By Ana V. Ibáñez Prieto - Apr 09,2018 - Last updated at Apr 09,2018

Despite being relatively small in comparison with other countries, car ownership in Jordan is expected to witness a great increase in upcoming years (Photo by Osama Aqarbeh)

AMMAN — Car ownership in Jordan is expected to witness a significant increase in the upcoming years, a research paper issued by the Jordan Strategy Forum (JSF) said on Saturday. 

Based on information available from EuroStat, the study showed that, during the period from 2009 to 2016, Jordan came second regionally in terms of the annual growth rate in the number of owned vehicles, which stood at 6.54 per cent, right after Turkey. 

Despite the sustained growth, the number of owned cars in Jordan still appeared small when compared to the ratio per capita, with one vehicle for every five persons. 

The JSF research paper determined that “if the Jordanian experience in the near future reflects what has happened in countries such as Finland, Germany, France or even Slovakia, one can only predict the number of owned vehicles per capita to increase in Jordan”, adding that “the growth might be even faster given the lack of good public transportation in the Kingdom”.

Founder of the public transportation advocacy campaign Maan Nasel, Hazem Zureiqat said: “It is not surprising that car ownership has been on the rise in Jordan, as the lack of an effective, reliable public transport system leaves very few mobility options for people,” stressing that “most find themselves forced into buying a car in order to gain access to employment or to be able to get to their university classes on time — and this comes at a hefty price to the individual, the household, the environment and the economy as a whole”.

“Curbing car ownership and use requires a paradigm shift in the way we plan for transport,” Zureiqat told The Jordan Times, adding that “we need a system that is more balanced and multimodal, providing people with viable options that are reliable and affordable”.

For his part, economist Wajdi Makhamreh said: “The unorganised transport scheme and the inability of the government to install a top notch transport system made many Jordanians prefer to own a car,” stressing that “this has made the traffic in Amman unbearable and costly”.

The JSF paper pointed out that “all stakeholders must realise the critical importance of investing sufficiently and efficiently in our infrastructure in general, and in our road network in particular”, adding that “the fact that more than half of the Jordanians live in Amman makes this argument much more critical”.
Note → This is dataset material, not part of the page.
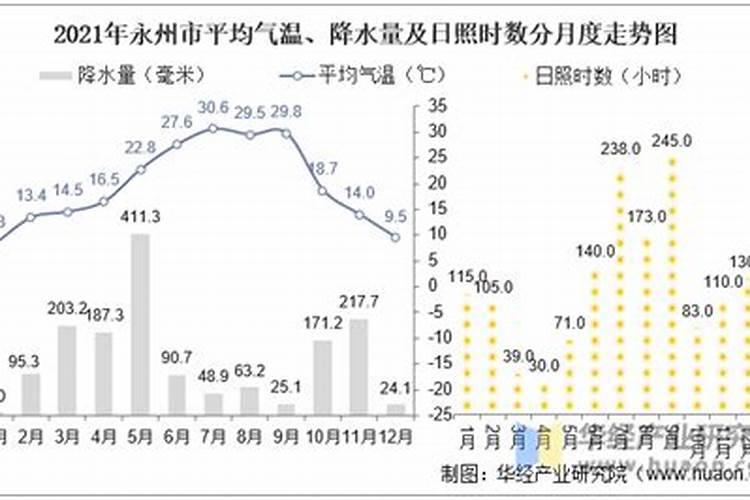 立春为什么鞭春牛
A previous report by the World Bank assessing the quality of roads in 140 countries highlighted a deterioration of the roads across the Kingdom, with a score falling from 4.85 in 2006 to 3.87 in 2015. 

“Again, this reinforces the importance of investing sufficiently and efficiently in our road network,” the JSF said pointed out, predicting that investments would minimise the existing traffic jams and improve the quality of public transport in general.

Makhamreh stressed the need for “a huge project for roads’ maintenance”, calling for an investment fund from the government and aiding countries “to focus on roads and implementing systems that is feasible for Amman and other cities within Jordan”.